My endless search (one could call it an obsession, maybe) for new vegetarian entrees has led me to lots of quiches and fritattas. I can't even tell you how many egg-based dishes I've bookmarked to try, but it is a lot. When I saw this recipe for broccoli "pie" (not technically a quiche because there's no heavy cream and not much liquid at all; not a fritatta because it has a crust), I knew we would love it, and I couldn't wait to try it.

We did love it! This comes together so easily and doesn't require much clean-up at all, and it is absolutely delicious too. I loved the creative use of packaged soup mix, which doesn't
taste like it's a mix in this recipe and really adds a lot of great flavor to this dish. Served with a simple salad and some crusty bread, this broccoli pie makes an excellent brunch, lunch or dinner.

Broccoli Pie

source: seen on My Tasty Treasures and slightly adapted from Stacey Snacks


2 cups of steamed broccoli florets

3 eggs

1 cup of whole milk
Dash hot sauce

2 cups of cheddar cheese, shredded

1 package of Lipton vegetable soup mix

1 pastry crust, rolled out and fitted into a 9-inch pie plate.


1. In a large bowl, whisk eggs, milk and hot sauce together. Add broccoli, cheese and soup mix. Pour into unbaked pastry.

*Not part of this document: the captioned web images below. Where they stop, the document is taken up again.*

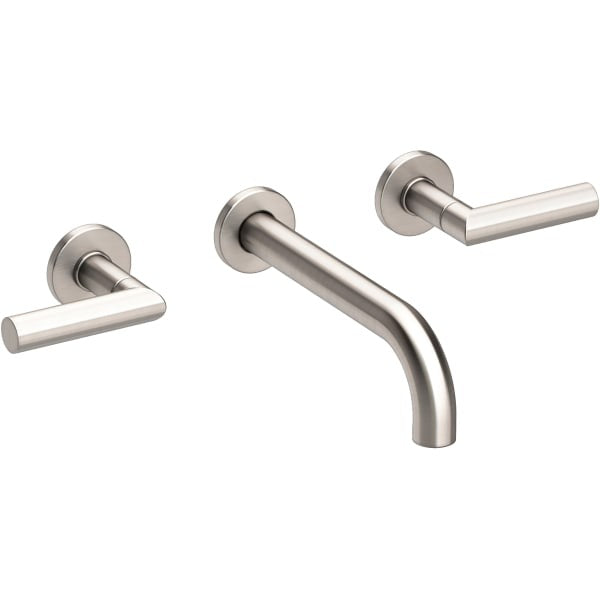 NEWPORT BRASS Newport Brass 3-3101/15s Pavani Bathroom Faucet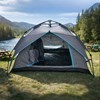 Imagen de Carpa automática, 2 personas, poliéster, en sobre, Berlina Outdoor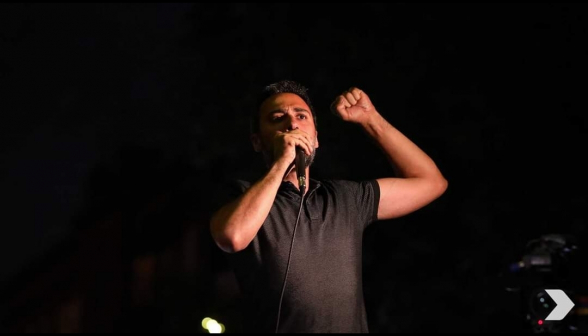 Вам обещали мир, а у нас, по официальным данным, после 9 ноября 124 погибших – Арам Вардеванян (видео)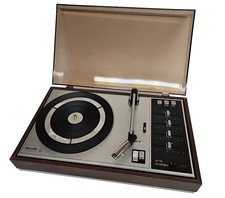 Philips 815 Stereo Record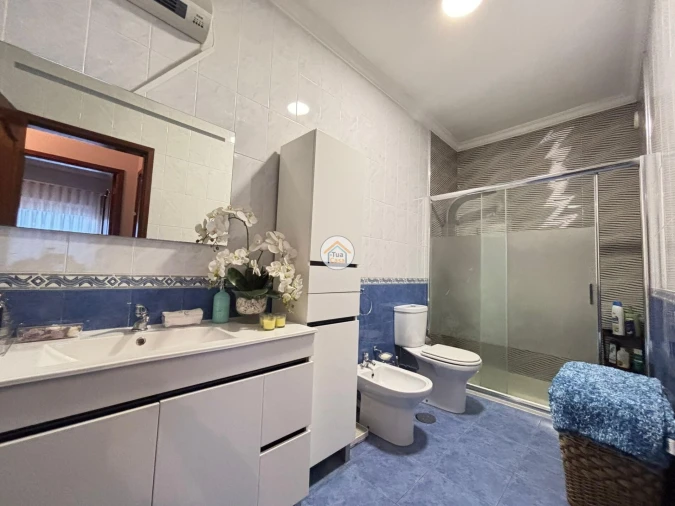 Apartamento T3 para Venda em Margaride, Várzea, Lagares, Varziela, Moure Foto 12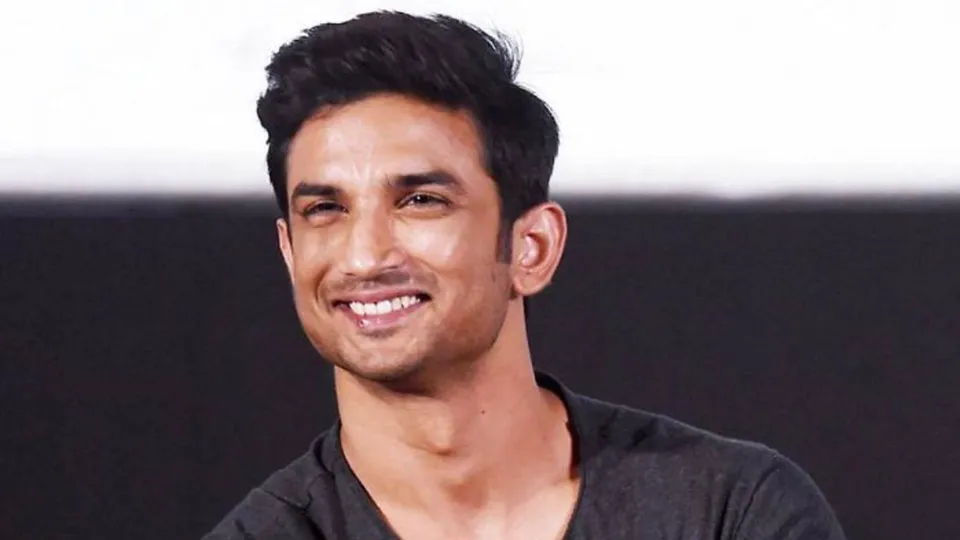 Sushant Singh Rajput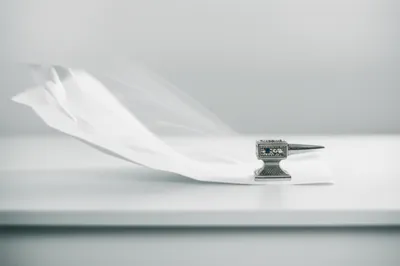 Illustration paperweight - Image 1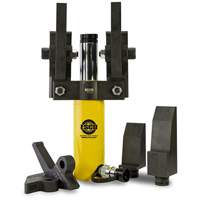 Pro Series ESC3000 OTR Giant Tire Bead Breaker Kit Brunswick Fyr & Safety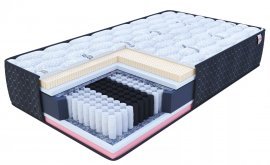 Vzmetnica Comfort Cashmere - 80x200 cm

2. Bake on a cookie sheet for 40 minutes at 350 degrees until top is golden. Let rest a few minutes before serving.

5 comments:

Kat said...

MMMM broccoli and cheese are so wonderful together :)

Debbie said...

What a great broccoli dish. It looks soooo good!

Deborah said...

It's true - it's hard to find good vegetarian recipes, especially ones that feel like a main dish and not a side. This looks wonderful!

Lisa K said...

That looks really good. I may have to try that soon.

Lena Baron said...

Thanks these will be fun St. Patrick's Day meals!